Numbers closely guarded

While confident E Team is on the verge of great success, Walton would talk only generally about what has happened to his business in the last five months.

“We’ve certainly done in excess of $1 million since 9-11, directly related to that event,” he said. “In terms of the number of contracts that we’re negotiating, it’s a 50 percent increase in our contract activity. On a going-forward basis, we’re a profitable company.”

Before Sept. 11 there were a half-dozen companies marketing multi-entity incident management software akin to E Team’s. The number of companies has grown since, Walton said.

Among those competing with E Team are ERI International Inc. of Olympia, Wash., and industry giants SunGard Data Systems Inc. of Wayne, Pa., and IBM Corp.

Robert Freeman, emergency preparedness coordinator for the city of Los Angeles, said E Team has worked wonderfully for the city since it adopted the technology in 1997. L.A. used E Team to brace itself for the now mythical Y2K rollover and for the Democratic National Convention in 2000.

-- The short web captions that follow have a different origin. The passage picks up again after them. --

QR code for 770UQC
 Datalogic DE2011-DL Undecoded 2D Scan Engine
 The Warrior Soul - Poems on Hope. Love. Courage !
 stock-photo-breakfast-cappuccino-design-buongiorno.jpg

Freeman said efficient information management systems are critical in a city with 40 departments operating as many as 100 workstations in an emergency or during an event such as a political convention.

“It allows us to have multiple people seeing the status of incidents and it’s updateable on a real-time basis,” Freeman said. “It’s like an up-to-date status board.”

Seizing the opportunity

Walton said he would be taking advantage of the increased business to invest in the product and upgrade the software with improvements that came out of the Ground Zero experience.

The main area of attention for the 25-person firm will be making software completely usable on wireless devices. Walton said the programs were run on wireless machines at Ground Zero and from piers in lower Manhattan, but the finite availability of wireless bandwidth is an issue E Team will try to address by developing programs that use less bandwidth.

E Team also will be doing a great deal of marketing to reach as many potential customers as possible.

Freeman said E Team is far from perfect the city believes it has better mapping resources but company officials have welcomed suggestions for improving the product.

“I would say, particularly in the last year or so, the company is responsive to suggestions from users,” Freeman said. “They learn when people use it and we’ve made suggestions, format issues.”

Marketing pitches are sure to find more willing ears in light of heightened awareness and E Team’s track record of success. “There are hundreds of thousands of entities that could use us,” said Walton. “To be successful we have to sell hundreds.”